___ Material provided ___

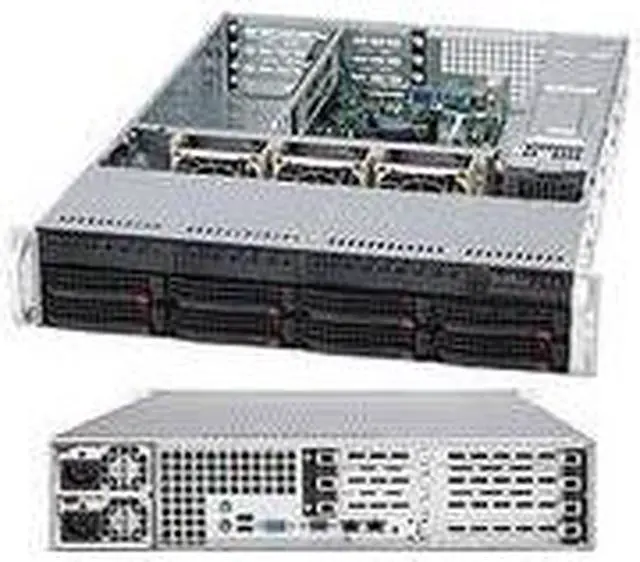 Alt view image 2 of 4 - SUPERMICRO CSE-825TQ-R720UB Black 2U Rackmount Server Case 720W Redundant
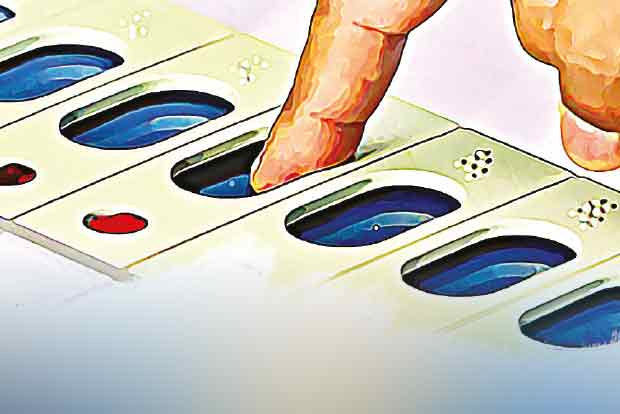 Chennai voters go down marginally to 40.54L
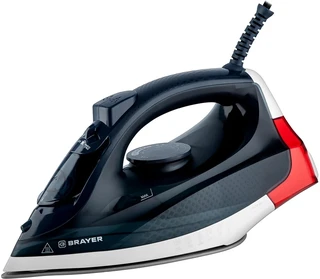 Утюг BRAYER BR4018, синий/белый 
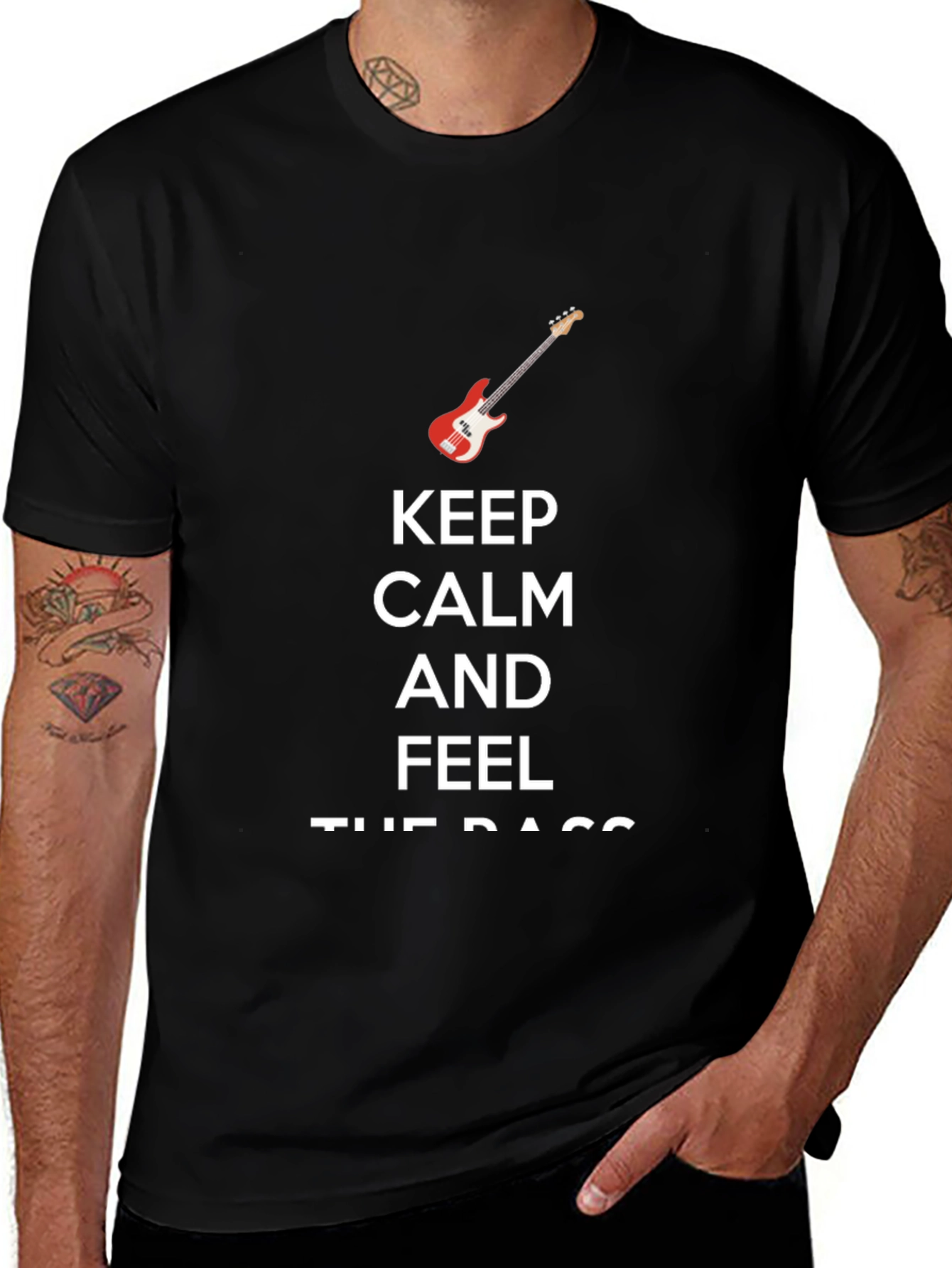 Variant 5 of Keep Calm & Feel the Bass Graphic Tee
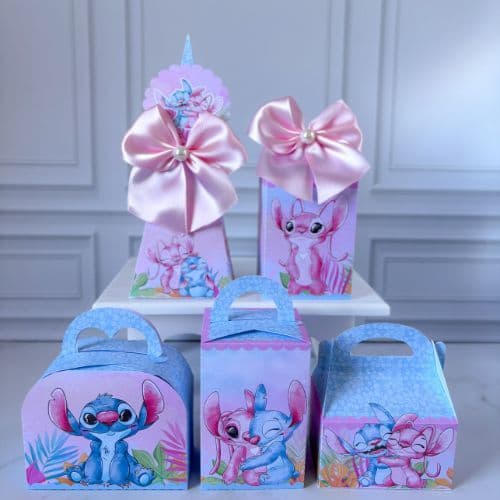 Kit PEGUE E MONTE Personalizado Stitch e Angel | PEGUE E MONTE | Lembrancinhas Festa | crio todos os temas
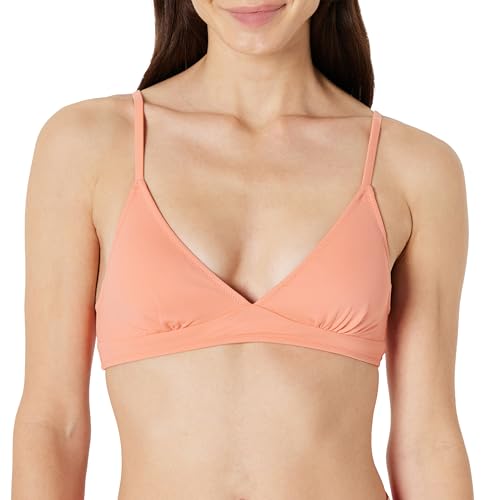 Light-Support Triangle Bikini Swimsuit Top - Medium / Coral Pink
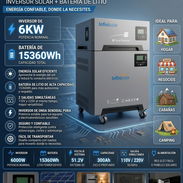 Kit Inversor Infinity Solar 6kw/15360Wh - Img 55656032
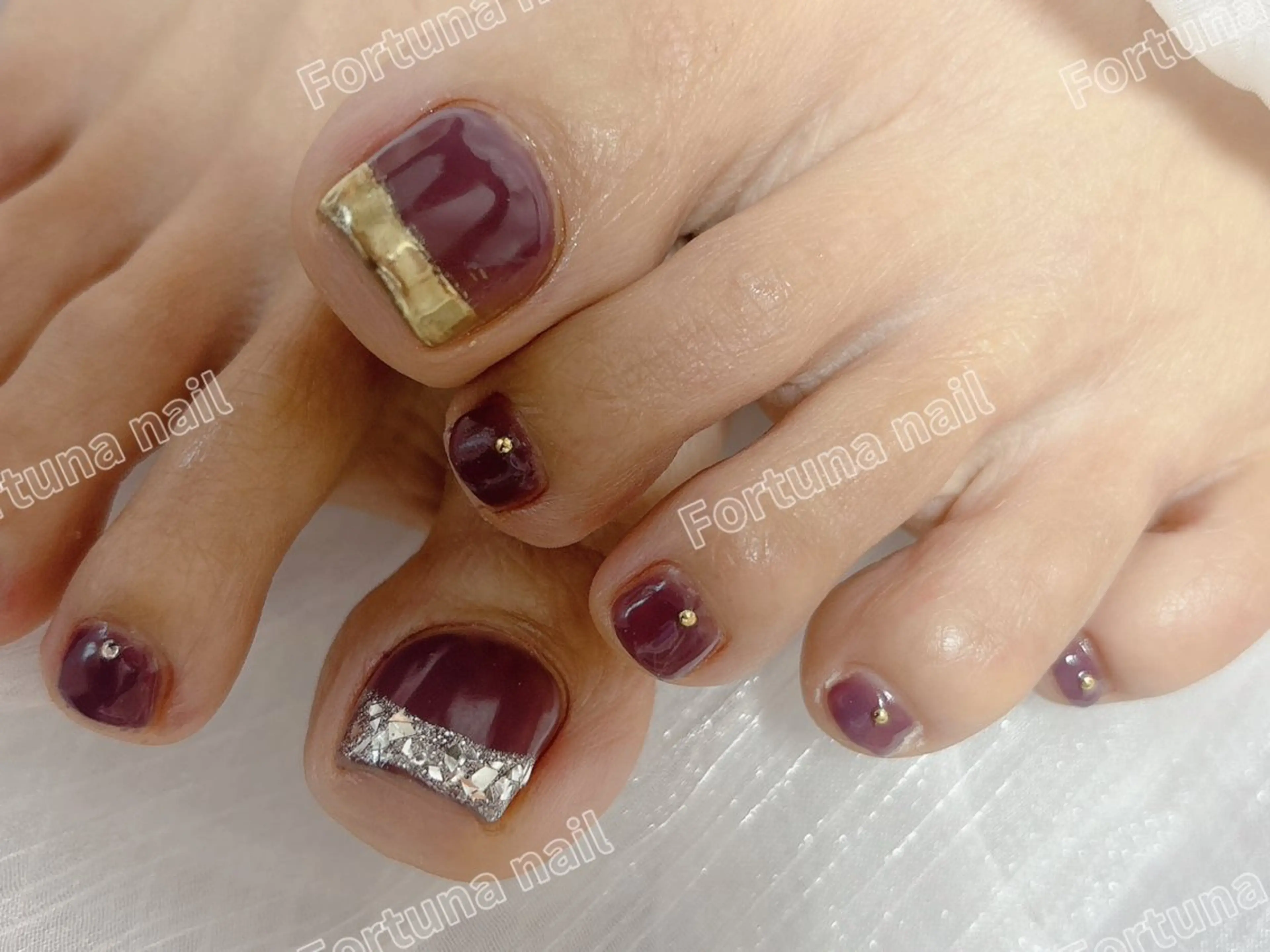 ネイル フットネイル Nail •Head スパFortunaのネイルデザイン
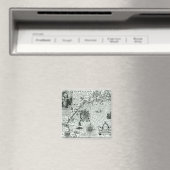 Kaart van de kust van New England Magneet (Insitu (Vaatwasser))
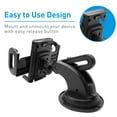 thumbnail image 4 of Macally Dashboard & Windshield Suction Cup Phone Mount Holder With Extendable Arm For Apple iPhone 14 13 X Pro Max mini SE 8 Plus, Samsung Galaxy Note S23 S22 Ultra Plus 5G TELEHOLDER2, 4 of 9
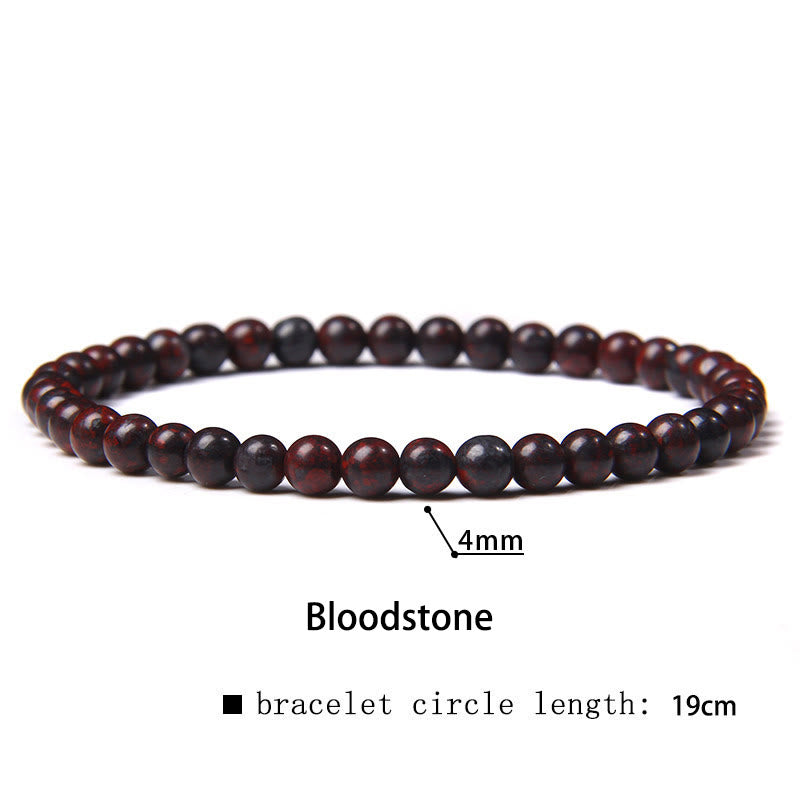 Karma Stone 4mm Various Stone Crystal Mini Beads Healing Bracelet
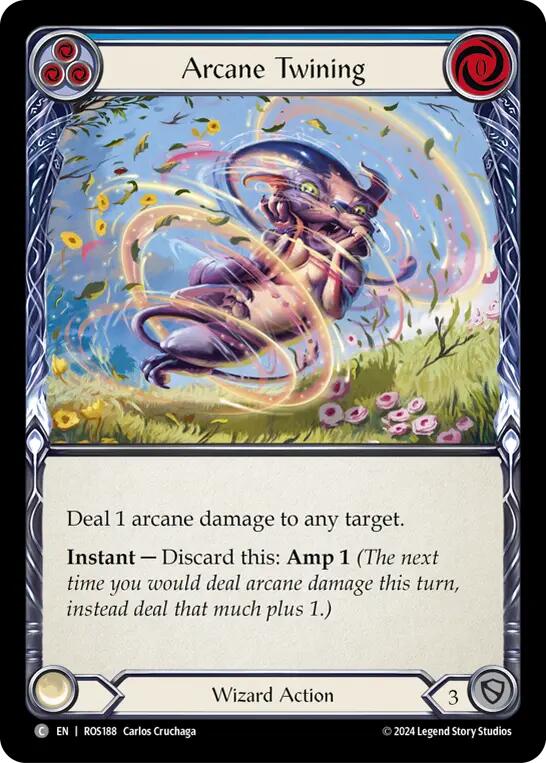 Arcane Twining (Blue) [ROS188] (Rosetta)  Rainbow Foil | I Want That Stuff Brandon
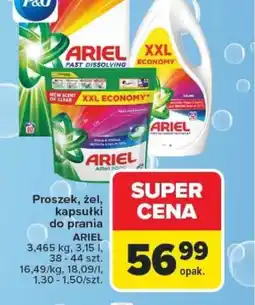 Carrefour Proszek, żel, kapsułki do prania Ariel oferta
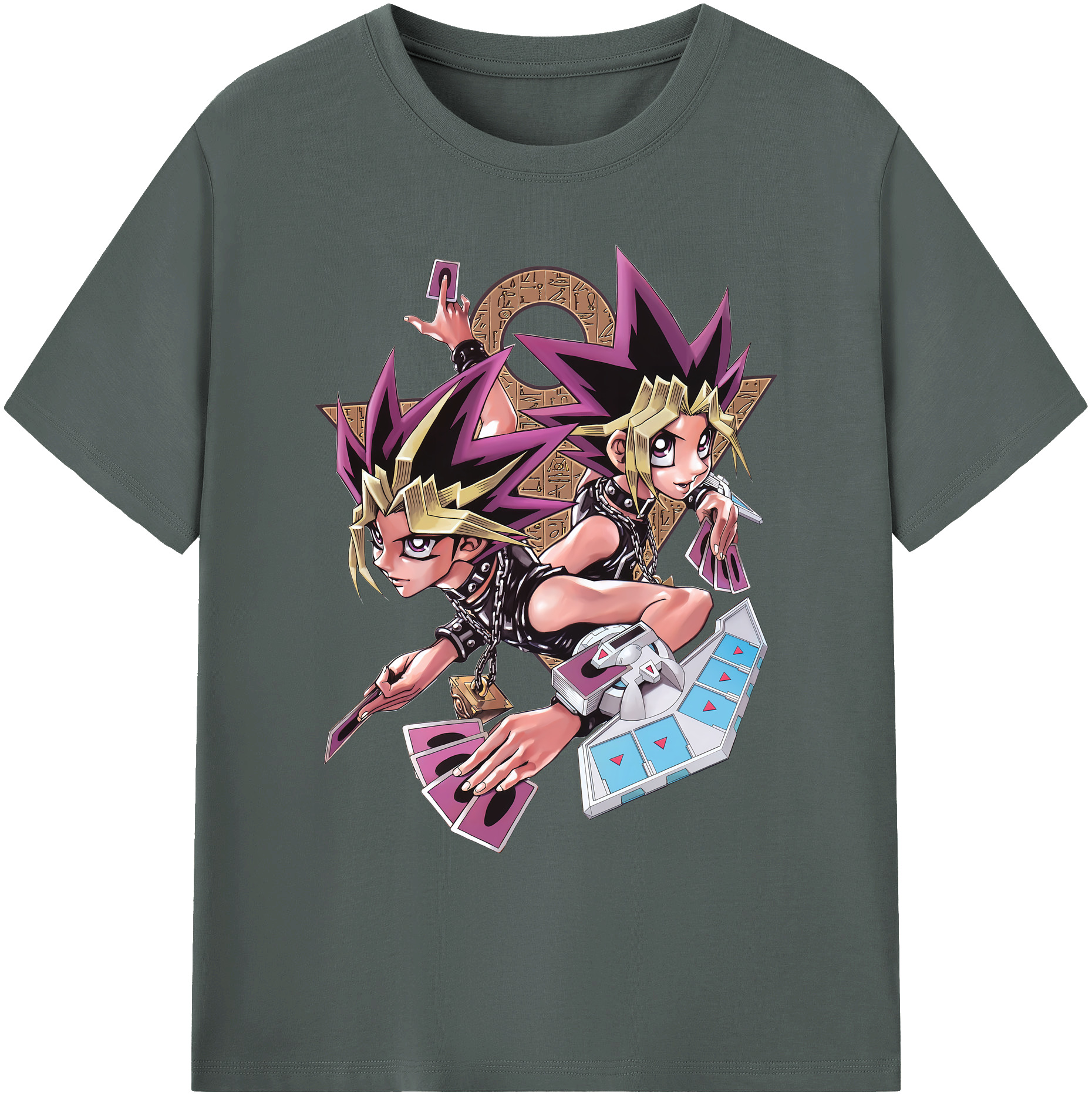 （画像用） 遊☆戯☆王 Yu-Gi-Oh! 綿100％ メンズ半袖Tシャツ｜肌触りやわらか＆通気性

___

- Exercise
Lines from the one containing "Kit PEGUE E" through the end of the entries above, both included, are to be written out exactly; no pictures and no other lines.

- Response area
 Kit PEGUE E MONTE Personalizado Stitch e Angel | PEGUE E MONTE | Lembrancinhas Festa | crio todos os temas
 Light-Support Triangle Bikini Swimsuit Top - Medium / Coral Pink
 Kit Inversor Infinity Solar 6kw/15360Wh - Img 55656032
 ネイル フットネイル Nail •Head スパFortunaのネイルデザイン
 Kaart van de kust van New England Magneet (Insitu (Vaatwasser))
 thumbnail image 4 of Macally Dashboard & Windshield Suction Cup Phone Mount Holder With Extendable Arm For Apple iPhone 14 13 X Pro Max mini SE 8 Plus, Samsung Galaxy Note S23 S22 Ultra Plus 5G TELEHOLDER2, 4 of 9
 Karma Stone 4mm Various Stone Crystal Mini Beads Healing Bracelet
 Arcane Twining (Blue) [ROS188] (Rosetta)  Rainbow Foil | I Want That Stuff Brandon
 Carrefour Proszek, żel, kapsułki do prania Ariel oferta
 （画像用） 遊☆戯☆王 Yu-Gi-Oh! 綿100％ メンズ半袖Tシャツ｜肌触りやわらか＆通気性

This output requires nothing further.